From: Bjoern Hoehrmann <derhoermi@gmx.net>
Date: Fri, 14 May 2004 23:29:33 +0200
To: Sasha P Caskey <sashac@us.ibm.com>
Cc: html-tidy@w3.org
Message-ID: <40a538d1.967795936@smtp.bjoern.hoehrmann.de>

* Sasha P Caskey wrote:
>I figured I would ask before I changed the behavior of GetToken in lexer.c.
>I've been using the latest version of tidy to parse html by calling
>GetToken. However, I noticed that I keep receiving the content of the
>script elements as text nodes (perhaps that is the proper behavior), is
>there any way I can change that through a configuration parameter perhaps?

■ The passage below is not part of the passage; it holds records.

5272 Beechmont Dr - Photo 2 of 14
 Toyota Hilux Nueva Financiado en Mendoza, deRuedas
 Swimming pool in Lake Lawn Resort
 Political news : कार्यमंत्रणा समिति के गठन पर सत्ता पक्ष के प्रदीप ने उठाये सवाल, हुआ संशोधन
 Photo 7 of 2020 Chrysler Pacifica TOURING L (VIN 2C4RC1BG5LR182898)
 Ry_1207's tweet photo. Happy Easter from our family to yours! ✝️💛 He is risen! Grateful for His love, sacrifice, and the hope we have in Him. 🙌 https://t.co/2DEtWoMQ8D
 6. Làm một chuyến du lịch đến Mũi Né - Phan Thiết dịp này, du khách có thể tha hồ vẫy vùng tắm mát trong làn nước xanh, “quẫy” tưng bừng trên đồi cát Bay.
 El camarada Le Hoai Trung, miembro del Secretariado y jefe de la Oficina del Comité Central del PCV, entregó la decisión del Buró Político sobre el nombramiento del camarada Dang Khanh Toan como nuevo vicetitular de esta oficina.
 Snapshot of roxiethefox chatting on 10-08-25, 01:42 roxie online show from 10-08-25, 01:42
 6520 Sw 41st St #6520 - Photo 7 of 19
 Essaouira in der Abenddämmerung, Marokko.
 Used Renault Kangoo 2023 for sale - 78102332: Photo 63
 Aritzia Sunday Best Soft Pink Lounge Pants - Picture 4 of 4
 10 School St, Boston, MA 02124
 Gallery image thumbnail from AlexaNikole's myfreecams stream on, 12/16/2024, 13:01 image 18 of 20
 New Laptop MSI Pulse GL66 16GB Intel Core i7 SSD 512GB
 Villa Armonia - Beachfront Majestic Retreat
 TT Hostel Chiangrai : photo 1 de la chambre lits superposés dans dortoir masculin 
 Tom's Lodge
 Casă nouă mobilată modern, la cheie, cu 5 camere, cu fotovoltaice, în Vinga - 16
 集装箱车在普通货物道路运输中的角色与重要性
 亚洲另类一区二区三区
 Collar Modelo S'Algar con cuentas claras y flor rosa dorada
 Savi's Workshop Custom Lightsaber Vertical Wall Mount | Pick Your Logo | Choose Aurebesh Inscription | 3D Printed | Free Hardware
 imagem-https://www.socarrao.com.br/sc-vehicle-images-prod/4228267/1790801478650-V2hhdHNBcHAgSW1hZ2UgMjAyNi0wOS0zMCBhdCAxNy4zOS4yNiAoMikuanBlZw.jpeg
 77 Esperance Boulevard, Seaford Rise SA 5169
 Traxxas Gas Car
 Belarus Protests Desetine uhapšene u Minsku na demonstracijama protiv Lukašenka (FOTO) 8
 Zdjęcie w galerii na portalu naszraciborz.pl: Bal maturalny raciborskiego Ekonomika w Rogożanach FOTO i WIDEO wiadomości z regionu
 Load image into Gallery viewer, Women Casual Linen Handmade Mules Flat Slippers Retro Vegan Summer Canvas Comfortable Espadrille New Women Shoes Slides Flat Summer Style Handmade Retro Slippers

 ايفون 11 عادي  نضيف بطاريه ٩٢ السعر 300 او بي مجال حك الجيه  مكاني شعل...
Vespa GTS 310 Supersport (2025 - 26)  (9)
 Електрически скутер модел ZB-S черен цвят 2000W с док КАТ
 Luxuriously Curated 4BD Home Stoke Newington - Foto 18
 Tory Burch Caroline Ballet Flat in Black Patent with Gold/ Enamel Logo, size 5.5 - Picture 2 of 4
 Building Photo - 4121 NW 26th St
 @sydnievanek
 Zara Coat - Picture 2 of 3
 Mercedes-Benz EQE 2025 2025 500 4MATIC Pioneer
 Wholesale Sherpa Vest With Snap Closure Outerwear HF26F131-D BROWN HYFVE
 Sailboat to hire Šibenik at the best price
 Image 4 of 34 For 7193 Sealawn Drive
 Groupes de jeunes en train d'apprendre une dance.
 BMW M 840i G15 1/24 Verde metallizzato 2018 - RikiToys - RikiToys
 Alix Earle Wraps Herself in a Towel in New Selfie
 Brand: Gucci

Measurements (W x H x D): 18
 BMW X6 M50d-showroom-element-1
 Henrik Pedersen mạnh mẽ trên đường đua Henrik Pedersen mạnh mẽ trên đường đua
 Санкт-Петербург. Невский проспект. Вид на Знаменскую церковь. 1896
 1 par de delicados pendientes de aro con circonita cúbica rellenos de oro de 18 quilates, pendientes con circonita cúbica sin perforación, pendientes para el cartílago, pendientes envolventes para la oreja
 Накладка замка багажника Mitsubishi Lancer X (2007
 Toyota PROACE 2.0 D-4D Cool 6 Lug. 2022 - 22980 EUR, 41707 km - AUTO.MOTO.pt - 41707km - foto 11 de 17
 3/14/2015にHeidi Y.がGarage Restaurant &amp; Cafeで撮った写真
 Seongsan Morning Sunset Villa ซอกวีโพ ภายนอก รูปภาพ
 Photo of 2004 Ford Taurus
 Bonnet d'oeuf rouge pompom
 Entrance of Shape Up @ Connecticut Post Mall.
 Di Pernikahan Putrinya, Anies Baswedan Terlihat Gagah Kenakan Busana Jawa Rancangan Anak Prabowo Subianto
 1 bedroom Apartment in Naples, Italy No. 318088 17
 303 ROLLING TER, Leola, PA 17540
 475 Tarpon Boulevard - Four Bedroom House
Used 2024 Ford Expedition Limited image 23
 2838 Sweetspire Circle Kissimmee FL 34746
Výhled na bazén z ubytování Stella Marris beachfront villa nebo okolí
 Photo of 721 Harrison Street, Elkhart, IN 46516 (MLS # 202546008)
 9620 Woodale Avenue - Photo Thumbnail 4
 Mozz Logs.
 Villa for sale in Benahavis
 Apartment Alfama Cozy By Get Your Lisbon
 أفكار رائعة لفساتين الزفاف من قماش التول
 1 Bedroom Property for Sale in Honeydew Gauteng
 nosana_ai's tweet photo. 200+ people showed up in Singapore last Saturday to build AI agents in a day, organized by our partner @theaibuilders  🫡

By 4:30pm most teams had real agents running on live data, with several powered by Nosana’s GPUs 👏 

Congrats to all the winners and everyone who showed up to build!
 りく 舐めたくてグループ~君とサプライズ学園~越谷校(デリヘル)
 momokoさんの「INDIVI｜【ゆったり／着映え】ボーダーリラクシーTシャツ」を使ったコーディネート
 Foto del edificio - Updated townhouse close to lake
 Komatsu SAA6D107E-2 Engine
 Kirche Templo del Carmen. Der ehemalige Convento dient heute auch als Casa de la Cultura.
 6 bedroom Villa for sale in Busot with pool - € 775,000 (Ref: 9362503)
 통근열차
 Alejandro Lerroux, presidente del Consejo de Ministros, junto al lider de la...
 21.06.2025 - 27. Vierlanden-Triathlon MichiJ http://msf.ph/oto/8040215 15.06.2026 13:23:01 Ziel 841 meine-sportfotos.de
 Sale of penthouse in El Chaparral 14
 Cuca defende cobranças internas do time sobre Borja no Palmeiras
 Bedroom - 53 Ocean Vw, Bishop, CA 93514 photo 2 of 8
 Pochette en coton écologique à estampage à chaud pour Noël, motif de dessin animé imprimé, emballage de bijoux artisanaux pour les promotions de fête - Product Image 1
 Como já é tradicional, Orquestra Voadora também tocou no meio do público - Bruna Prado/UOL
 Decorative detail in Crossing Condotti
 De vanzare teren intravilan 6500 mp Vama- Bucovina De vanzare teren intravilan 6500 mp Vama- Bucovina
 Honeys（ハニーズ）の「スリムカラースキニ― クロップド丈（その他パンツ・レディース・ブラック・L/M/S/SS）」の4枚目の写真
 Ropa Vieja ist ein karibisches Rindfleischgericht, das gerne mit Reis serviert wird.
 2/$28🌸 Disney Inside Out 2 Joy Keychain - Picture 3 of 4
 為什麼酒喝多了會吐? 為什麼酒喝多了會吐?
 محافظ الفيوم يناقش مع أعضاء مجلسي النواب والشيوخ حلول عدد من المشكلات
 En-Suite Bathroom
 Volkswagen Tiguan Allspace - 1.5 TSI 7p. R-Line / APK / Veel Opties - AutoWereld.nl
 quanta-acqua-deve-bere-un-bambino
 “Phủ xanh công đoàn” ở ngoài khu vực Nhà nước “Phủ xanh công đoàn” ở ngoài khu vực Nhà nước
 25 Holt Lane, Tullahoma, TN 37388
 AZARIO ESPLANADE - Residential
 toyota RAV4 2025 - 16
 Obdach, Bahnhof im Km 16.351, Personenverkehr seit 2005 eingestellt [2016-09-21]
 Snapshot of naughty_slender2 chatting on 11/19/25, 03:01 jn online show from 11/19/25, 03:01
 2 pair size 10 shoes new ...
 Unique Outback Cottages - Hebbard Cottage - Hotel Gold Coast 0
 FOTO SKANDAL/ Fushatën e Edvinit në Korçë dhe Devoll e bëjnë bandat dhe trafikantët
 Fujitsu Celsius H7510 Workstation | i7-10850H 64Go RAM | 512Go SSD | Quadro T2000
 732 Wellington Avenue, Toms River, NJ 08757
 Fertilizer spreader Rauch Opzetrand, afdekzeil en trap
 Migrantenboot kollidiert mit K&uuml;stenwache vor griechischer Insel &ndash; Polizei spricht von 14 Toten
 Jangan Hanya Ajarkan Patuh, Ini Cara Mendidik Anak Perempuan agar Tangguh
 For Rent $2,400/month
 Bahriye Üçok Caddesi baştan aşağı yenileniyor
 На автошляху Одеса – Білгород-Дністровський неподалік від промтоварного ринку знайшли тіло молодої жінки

Note that GetToken(...) is an internal function and thus unsupported,
we might and likely will change it without much consideration of the
implications for other applications...

I've recently changed GetToken(...) for CDATA elements like <script>,
<style>, etc. so that you should be able to use the CdataContent mode
for these elements. This would require that you check for CDATA start
tags, assign the token to lexer->parent and call it with CdataContent
mode, have a look at parser.c:ParseScript(...) which does this.

What change to GetToken(...) did you have in mind to do this?

Received on Friday, 14 May 2004 17:30:14 UTC